Black regular fuel line is good. Clamps need to be 100% stainless steel. Wrap lines with electrical tape under clamps. at least 2-3 wraps. Install a fuel filter before the carb. Top of carb will tell you which line is in \ out. Arrows are on top of the carb where lines come in. Try to replace all the lines. The filter / water separator under the front hood needs cleaned too. Be careful of gasket. It fails all the time.
 
I finally purchased the fuel line and clamps. The motor is out, and I was crawling around preparing myself for replacing the lines. There is little room and I felt like a contortionist trying to get my hands on the lines at the fuel baffle/sender.

So for those who have changed these lines on an RX is there a trick? Is it worthwhile removing the glove box? If so the manual does really give me a clear idea on whats involved, any tips?

As always, I appreciate any input!

Mark
 
I finally purchased the fuel line and clamps. The motor is out, and I was crawling around preparing myself for replacing the lines. There is little room and I felt like a contortionist trying to get my hands on the lines at the fuel baffle/sender.

So for those who have changed these lines on an RX is there a trick? Is it worthwhile removing the glove box? If so the manual does really give me a clear idea on whats involved, any tips?

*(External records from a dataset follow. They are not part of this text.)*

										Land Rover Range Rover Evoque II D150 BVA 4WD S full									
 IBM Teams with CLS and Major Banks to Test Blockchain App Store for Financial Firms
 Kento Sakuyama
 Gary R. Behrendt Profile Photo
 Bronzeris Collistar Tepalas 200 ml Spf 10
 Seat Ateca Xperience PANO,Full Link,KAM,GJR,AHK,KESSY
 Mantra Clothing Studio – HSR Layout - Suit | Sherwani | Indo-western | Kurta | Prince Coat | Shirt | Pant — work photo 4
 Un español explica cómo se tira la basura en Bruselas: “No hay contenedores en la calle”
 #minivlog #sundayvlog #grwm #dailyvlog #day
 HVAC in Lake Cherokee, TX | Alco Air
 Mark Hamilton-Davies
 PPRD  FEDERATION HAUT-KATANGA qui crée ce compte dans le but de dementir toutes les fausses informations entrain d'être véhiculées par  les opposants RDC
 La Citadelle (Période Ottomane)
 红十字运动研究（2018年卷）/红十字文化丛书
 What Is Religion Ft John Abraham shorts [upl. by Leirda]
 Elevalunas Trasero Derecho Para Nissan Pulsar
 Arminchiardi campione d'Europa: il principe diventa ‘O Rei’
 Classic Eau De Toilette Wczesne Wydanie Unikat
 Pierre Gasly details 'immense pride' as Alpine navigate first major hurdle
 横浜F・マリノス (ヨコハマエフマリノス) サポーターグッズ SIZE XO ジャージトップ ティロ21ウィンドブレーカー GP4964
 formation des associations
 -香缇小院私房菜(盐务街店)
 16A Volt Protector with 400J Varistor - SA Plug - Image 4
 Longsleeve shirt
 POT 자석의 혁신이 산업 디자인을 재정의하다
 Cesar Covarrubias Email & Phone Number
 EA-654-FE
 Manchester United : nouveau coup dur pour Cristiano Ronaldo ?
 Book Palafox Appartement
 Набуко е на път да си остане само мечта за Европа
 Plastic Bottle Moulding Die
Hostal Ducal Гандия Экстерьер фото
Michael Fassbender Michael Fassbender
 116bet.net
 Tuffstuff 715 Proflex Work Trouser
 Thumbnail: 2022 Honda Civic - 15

As always, I appreciate any input!

Mark
I removed the glove box and actually removed the baffle. If you use your old lines as a template you can cut the length you need and assemble most of the fuel system out of the boat don't forget to replace the selector
 
I removed the glove box and actually removed the baffle. If you use your old lines as a template you can cut the length you need and assemble most of the fuel system out of the boat don't forget to replace the selector
Any tips on removing glove box?
 
My 2000 GTI's have trim fasteners with Philips heads on each corner. If they turn and not come up, pry the screw up. get replacements at the HELP section / fasteners in auto part stores. If not done yet, you can download the repair manual off Internet.
 
Thanks mick- I have the manual printed in color :D. It's different than yours - the manual states (after pulling screws) to put your hand in a plastic compartment and release clamps but I don't follow. I guess I will just dive in and see if I can feel the clips.
 
Marine grade fuel cost about 5 times as much as automotive line. You can get away with auto quality since that system doesn't get inspected by the coast guard but if you want to be a boy scout use marine grade. I don't on my ski's only on my boat. I usually use zipties but auto grade fuel line is so thick you should use clamps. I use a lot of the fast fuel line on my ski. I use a few colors so I know how the fuel system runs and don't need to find the manual if I remove a few lines at a time. You forget sometimes where the lines come from..
 
The colored fuel line gets hard and brittle over the years unlike the black automotive.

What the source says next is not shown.